*EXERCISE BRIEF*: When the listing below reaches the line that has "Brand new Dior", start reproducing exactly; stop after the line that has "6 Clover Road", and drop the pictures.

*GIVEN RECORDS*:
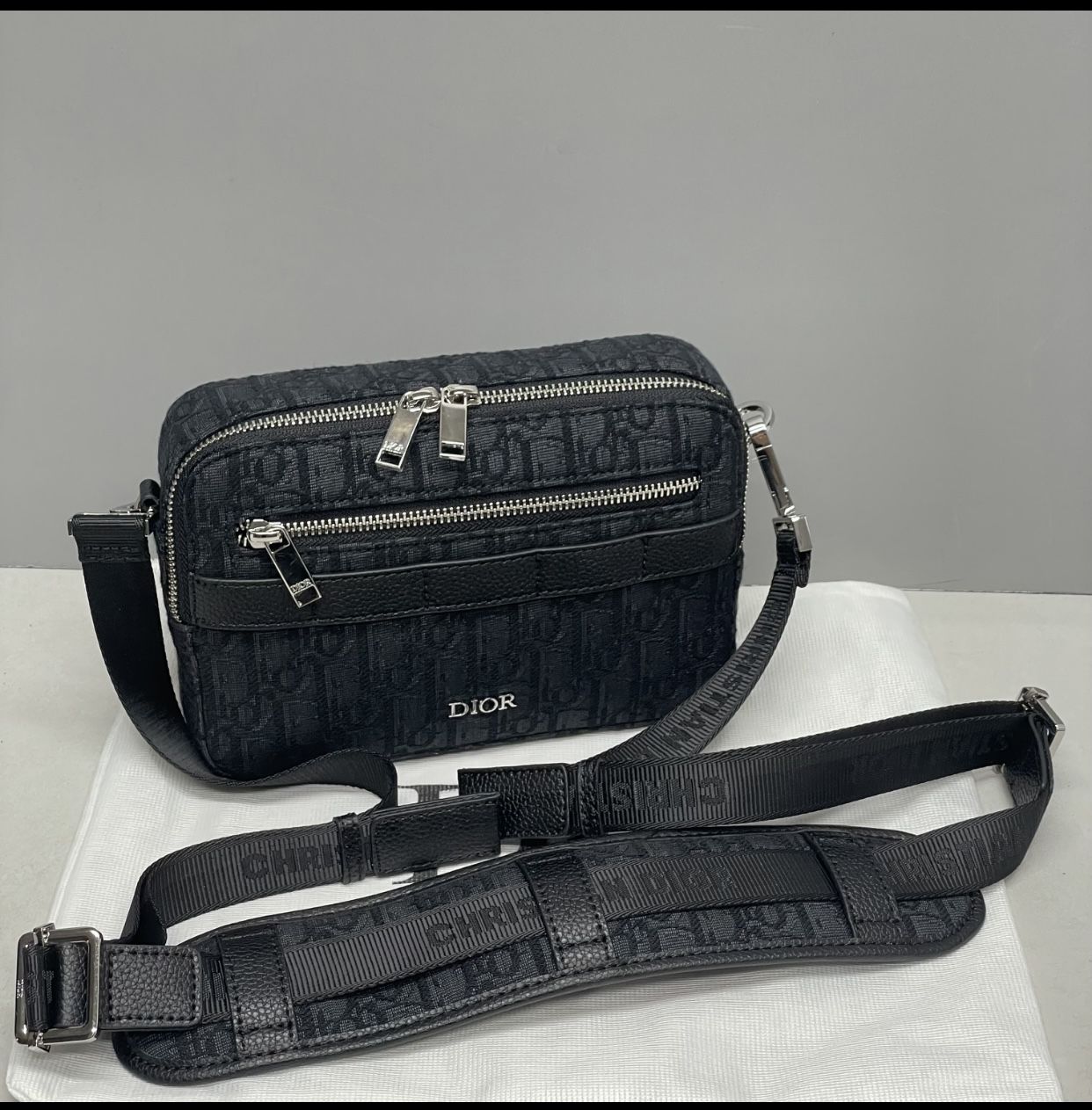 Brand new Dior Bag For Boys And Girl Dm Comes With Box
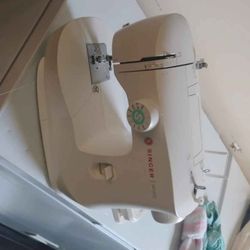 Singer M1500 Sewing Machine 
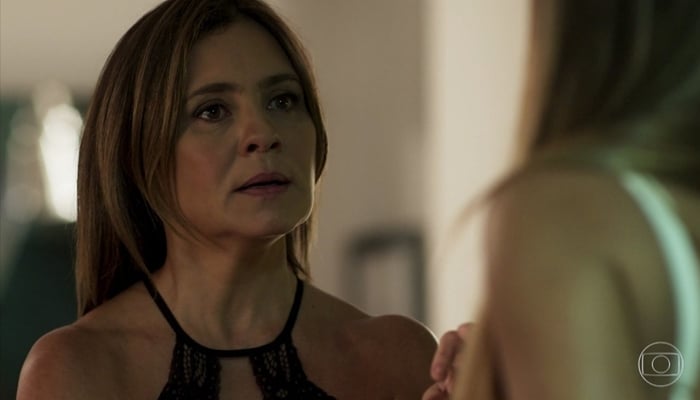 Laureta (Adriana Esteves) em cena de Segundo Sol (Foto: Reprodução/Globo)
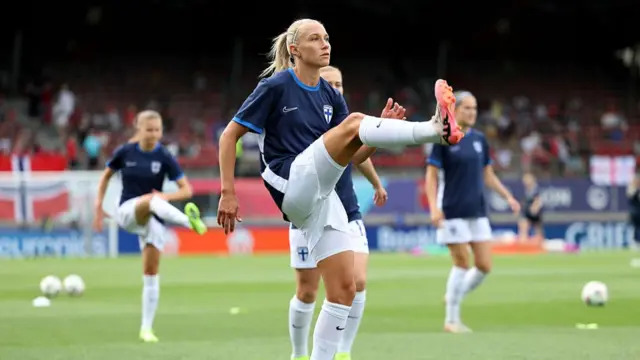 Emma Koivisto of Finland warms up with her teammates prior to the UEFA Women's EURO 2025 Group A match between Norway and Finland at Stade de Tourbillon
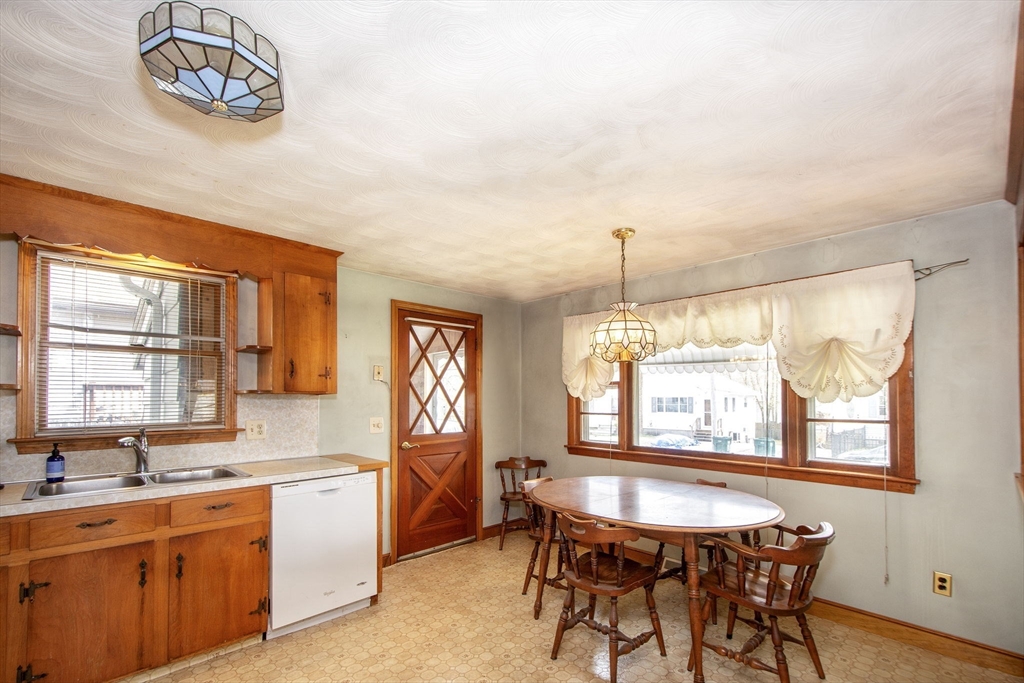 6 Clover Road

...

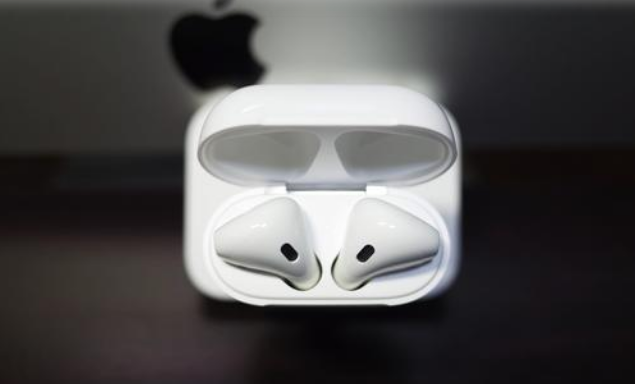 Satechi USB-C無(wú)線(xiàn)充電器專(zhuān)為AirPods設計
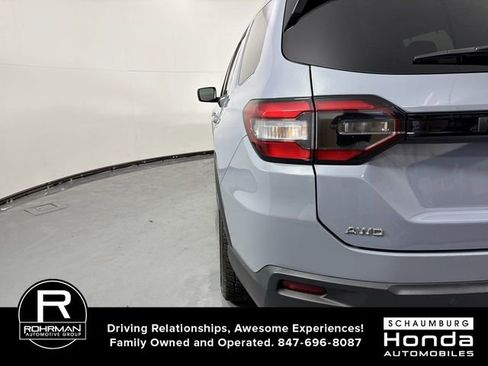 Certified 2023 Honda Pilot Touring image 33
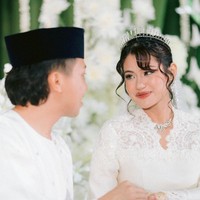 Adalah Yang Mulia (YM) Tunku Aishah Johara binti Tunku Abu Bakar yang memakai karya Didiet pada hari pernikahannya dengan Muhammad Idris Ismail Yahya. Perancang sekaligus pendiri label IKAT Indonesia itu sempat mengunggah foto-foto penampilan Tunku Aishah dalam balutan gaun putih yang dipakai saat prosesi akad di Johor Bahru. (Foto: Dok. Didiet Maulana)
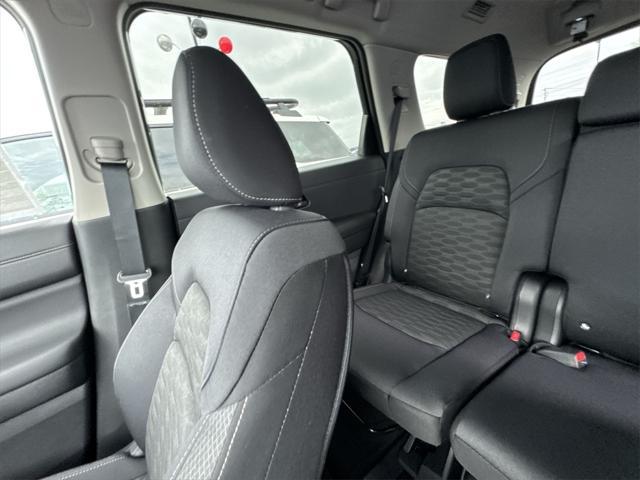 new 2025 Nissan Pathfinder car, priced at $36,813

---

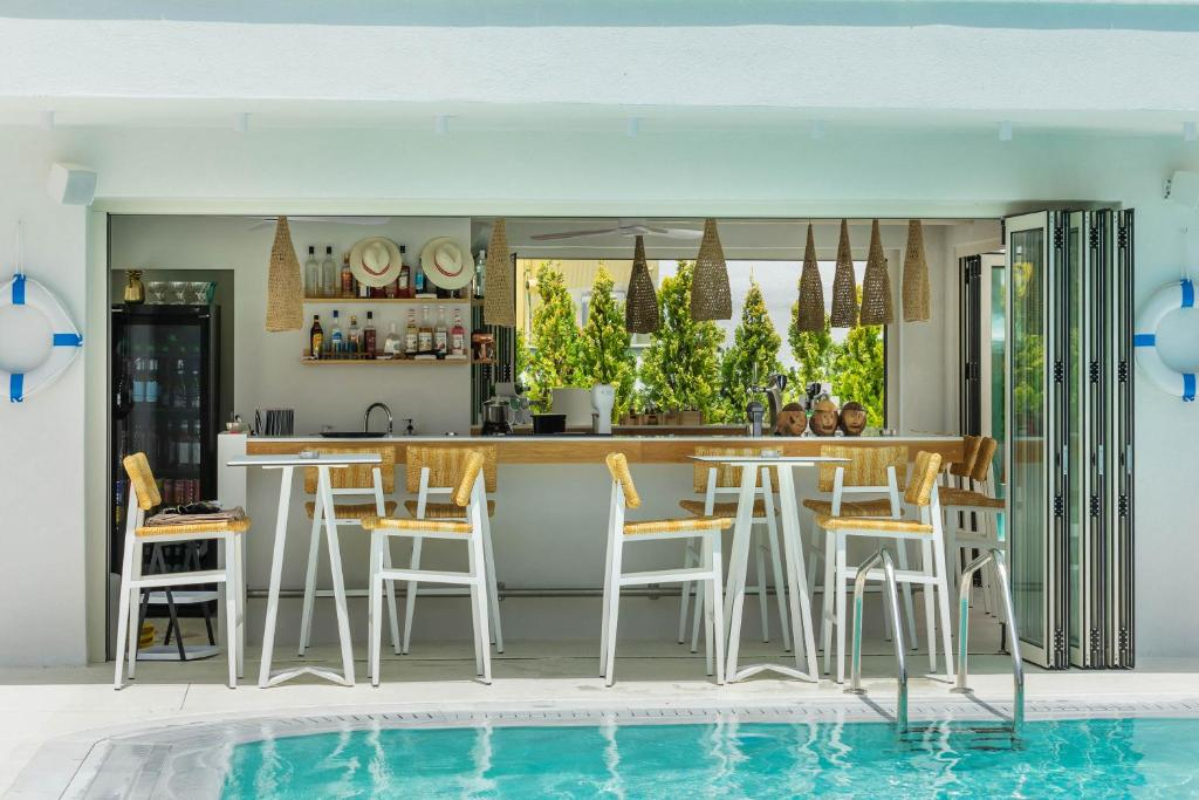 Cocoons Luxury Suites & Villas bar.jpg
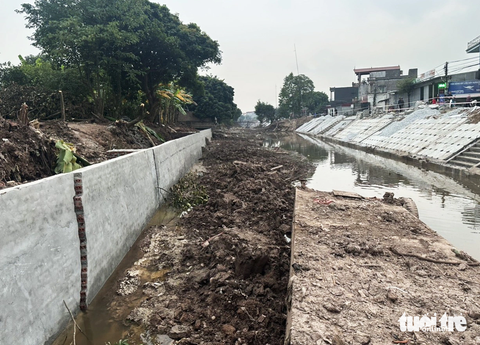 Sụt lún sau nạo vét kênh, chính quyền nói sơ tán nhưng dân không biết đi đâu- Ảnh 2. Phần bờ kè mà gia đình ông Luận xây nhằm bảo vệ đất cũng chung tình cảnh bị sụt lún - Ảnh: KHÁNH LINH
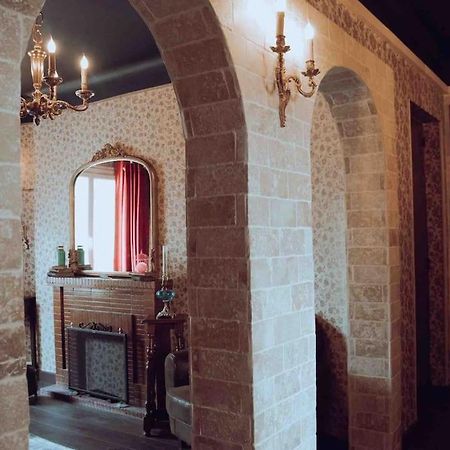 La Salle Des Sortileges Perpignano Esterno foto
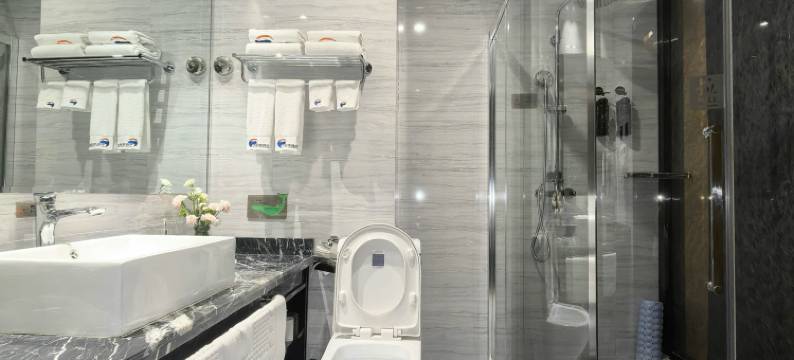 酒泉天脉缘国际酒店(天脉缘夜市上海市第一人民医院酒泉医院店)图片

*ANSWER*:
 Brand new Dior Bag For Boys And Girl Dm Comes With Box
 Singer M1500 Sewing Machine 
 Laureta (Adriana Esteves) em cena de Segundo Sol (Foto: Reprodução/Globo)
 Emma Koivisto of Finland warms up with her teammates prior to the UEFA Women's EURO 2025 Group A match between Norway and Finland at Stade de Tourbillon
 6 Clover Road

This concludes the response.